I read this week that the tech bruhs, so called in current parlance, see the world as being divided into two classes of people: the thinkers and the scrollers. While they, the Thinking Class, devote themselves to higher learning, philosophy, and deep work, affording the same wealth of life experience and cashflow to their offspring, they themselves are engineering the planet so that the rest of us, by which I gather they mean the 99% and our offspring, are relegated to the Scrolling Class, those who work as drones and merely consume whatever they, the Thinkers, put out for profit.

It’s all very Brave New World, a novel I read in high school and can’t shake. Will you be made into an Alpha or an Epsilon? Will you even know? And even if you are an Alpha, watch out if you forget to take your soma (“the opiate of the masses” that replaces religion) and have an original thought. All hell will break loose, and the only antidote is a rebel copy of Shakespeare.

My library was dukedom large enough.
(Prospero, The Tempest, Act 1 Scene 2)

This week the Trump Administration, illegally as usual, dismantled the U.S. Department of Education, spreading all the allocated funds around (which legally only Congress can do, but Republicans) to different departments, so K-12 education is now under the U.S. Department of Labor. Huh? In a seemingly unrelated development, the Trump Administration also demoted a bunch of educational degrees to “nonprofessional,” meaning people pursuing nursing, say, or teaching, will not be able to take out unlimited loans to attain a degree. Not only were the listed degrees for women-dominated professions, the professions listed were those whose members are legally bound to report suspected child abuse. If no one is educated to take those jobs…

Are you following? The Pedo-in-Chief is terrified of the release of the Epstein Files, and his Secretary of Education, Linda McMahon, whose husband Vince McMahon was set to go on trial amid accusations of child sexual abuse until a Chicago judge paused the case last December when Linda was announced as Trump’s pick for her new position. Meanwhile, Trump’s former “spiritual advisor” was arrested for child rape and plead guilty. In a call-in show I heard a snippet of this week, a caller demanded to know what was “wrong” about child rape.

The cumulative effect of all this during a single week has made me a bit of an emotional wreck, but it was an independent journalist on Instagram who formally linked all these pieces for me. From Love Ethic Yoga:

Moving K-12 education to the Department of Labor while red states are removing child labor laws & dropping the age of consent to 12 or 14 is a calculated move. The leaders of these departments are pedo📁files or pedo apologists. This is NOT coincidence.

Uneducated children are easy prey.
Hungry children are easy prey.
Homeless children are easy prey.
Unaccompanied minors are easy prey.


These predators are baiting the water. They’re creating the proverbial “fish in a barrel”. Yes, privatization is part of this but we cannot forget how many pedos are in this current admin. We cannot let them get away with this.

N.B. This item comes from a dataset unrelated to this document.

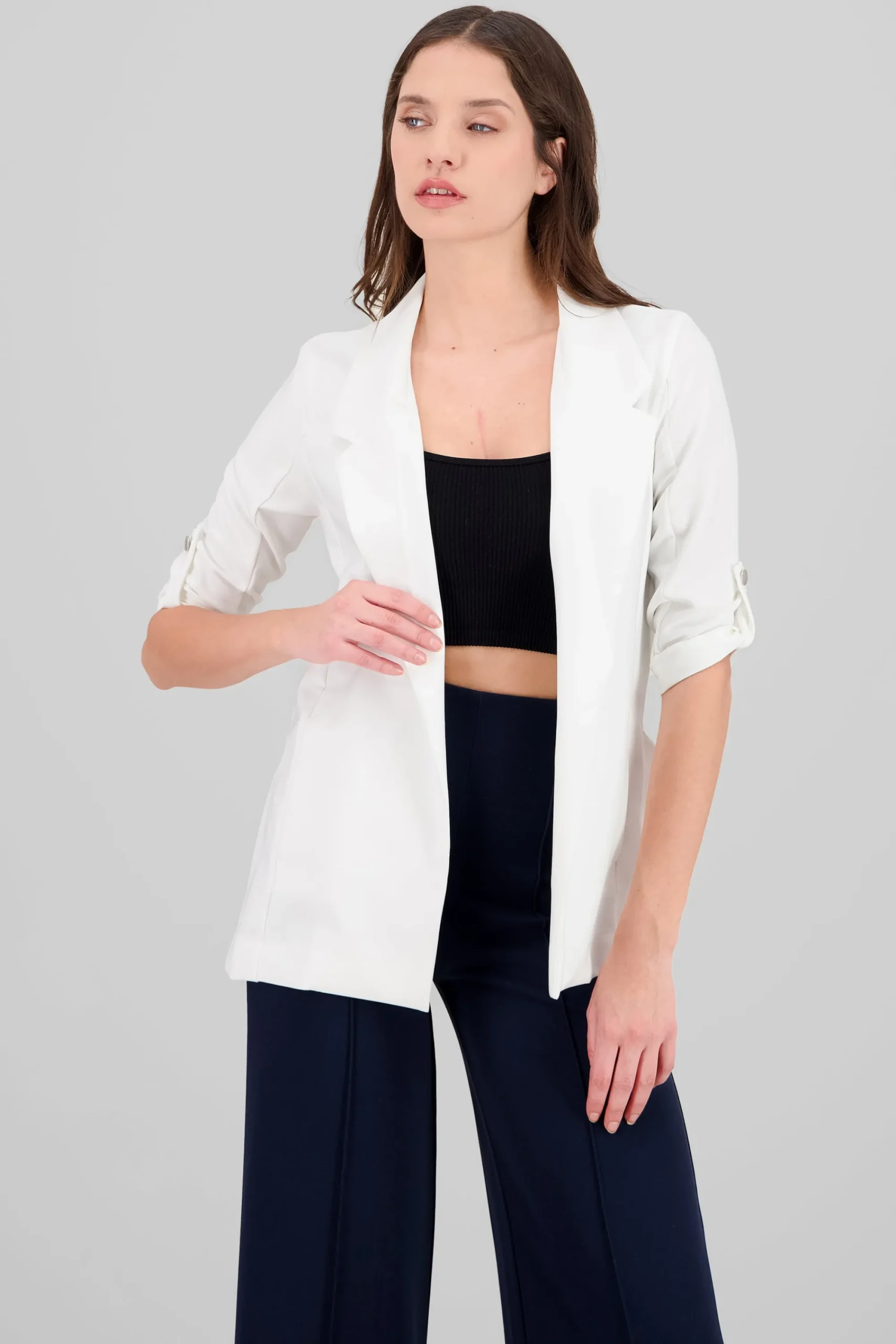 Shasa Solid blazer with adjustable sleeves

I got ill—I mean, Trump and his people are transparently, openly constructing a world where child sexual abuse is normalized, institutionalized, and unstoppable. These “men” want all young women and girls (40% of whom between the ages of 15-44 want to leave the United StatesI saw in a recent poll) under their complete control in order to force-breed children, for either labor on behalf of or the sexual pleasure of (white Christian) men. Once the children “age out,” a term I learned on Law and Order: SVU, they will be, one presumes, forced to push through their trauma with slave labor, living in one of the concentration camps being constructed all over the United States.

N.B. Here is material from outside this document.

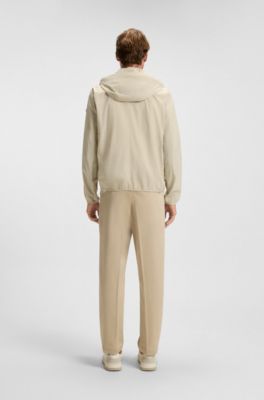 Water-repellent jacket in crinkle fabric with adjustable hood, Light Beige
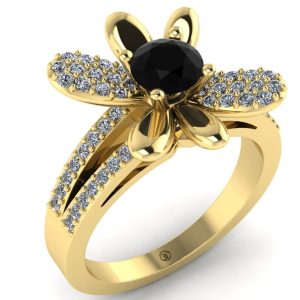Inel cu diamant negru si diamante din aur 18k floare ES224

Utah’s planned mega-shelter should be like a jail for homeless people, one widely embraced group says

This is the Brave New United States of America, friends.

It’s more than hard to take—it’s impossible. This insanity has to stop. We need to see handcuffs and prison bars on the right people, and soon. We know this.

I can’t take in everything—you can’t either. So while I know there’s Israel’s defiance of the ceasefire, and Russia’s wish-list labeled a “peace agreement” by Trump and Rubio (rejected, thank goodness) by Zelensky; protests in Charlotte and Raleigh over ICE raids; so much, so much, my god, it was the children and their protectors I focused on, “offloading” the rest, more or less.

This week on a work Zoom call, a colleague mentioned that there is always work or training or something that we simply have to “offload.” It’s not a term I knew—but I got it. You just pass that conceptual understanding to someone, maybe a spouse who gets plumbing or a coworker who is good at Excel, and you don’t worry about trying to learn that thing, much less master it. You only have the capacity for so much, and recognizing that is not a bad thing. (That said, we all have to trust in our capacity to learn new things, and try to do that, even though in my early 60s I’m finding that I have to immerse myself with the focus of a monk to his devotions to do something as complex and unintuitive as Jira (if you don’t know, don’t ask), say, but it’s reassuring to know that I can still do it, if more painstakingly.)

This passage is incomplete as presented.